I’m in the Atlanta area, but have an electric co-op as my supplier. They changed billing to a flat $25 connection fee that covers line maintenance and other overhead that are fixed costs, and a separate line item for kWh actually used each month.
This makes them neutral as far as rooftop solar. The overhead is covered regardless of how much I use or don’t. Georgia Power could do this too, they just don’t want to. Their business is a monopoly, and they want to keep it that way.
Georgia Power, enjoy it while you can.
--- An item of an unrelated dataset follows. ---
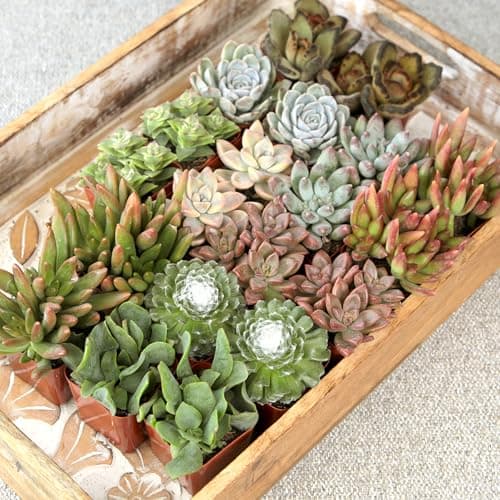 Succulent Plants (20 Pack) Fully Rooted in Planter Pots with Soil | Real Live Potted Succulents/Unique Indoor Cactus Decor by Plants for Pets — view 2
When solar and battery backups become even cheaper in the near future, your current customers will start dropping your service in droves when it makes better financial sense for residence to cut the public grid like cable.
Believe it or not, I’ve heard of utilities proposing a charge to those who go off-grid because it would increase costs to those still on the grid!
There already is a term for what you suggest. It is called “Grid Defection” and electrical utility companies should fear it. In the past it was only a rebellious fringe market that also had deep pockets. However, as you suggest, the prices of panels, controllers, batteries and inverters has come down (also the efficiency of appliances has gone up!) defection is getting close to possible for (what remains of) the middle class.
Hahahaha
Monopolies don’t give up easily. The utilities have enjoyed being the only source of electricity forever and, like children, aren’t going to share without a fight. It’s interesting that they have their own solar farms, but don’t want a homeowner to have a panel or two.
The future will be much more distributed generation and storage (your EV can help support the grid), but expect lots of monkey motion. We are not a mature species.
Well of course – and why the complaining, the absolutely must determine a way to recover the $16 billion that Vogtle construction has gone over budget so far.
Georgia Power’s management of residential solar is an absolute joke.
We are going with solar and batteries….. number one reason is to extend our middle finger to them.
GA power allowed 5,000 customers to get net metering….oh so generous. Out of 2.3 million residential customers.
And now suddenly these 5,000 net metered customers are going to bring their whole cartel to the ground?
Give me a break. Big power is worse than big oil.
We have a solar panel with battery back up on a Georgia EMC. We send them almost twice the kWh than we use from them. We pay between 12.1 cents to 15.1 cents per kWh and they pay us 3.8 cents per kWh. Seems they are making plenty of money from our solar system.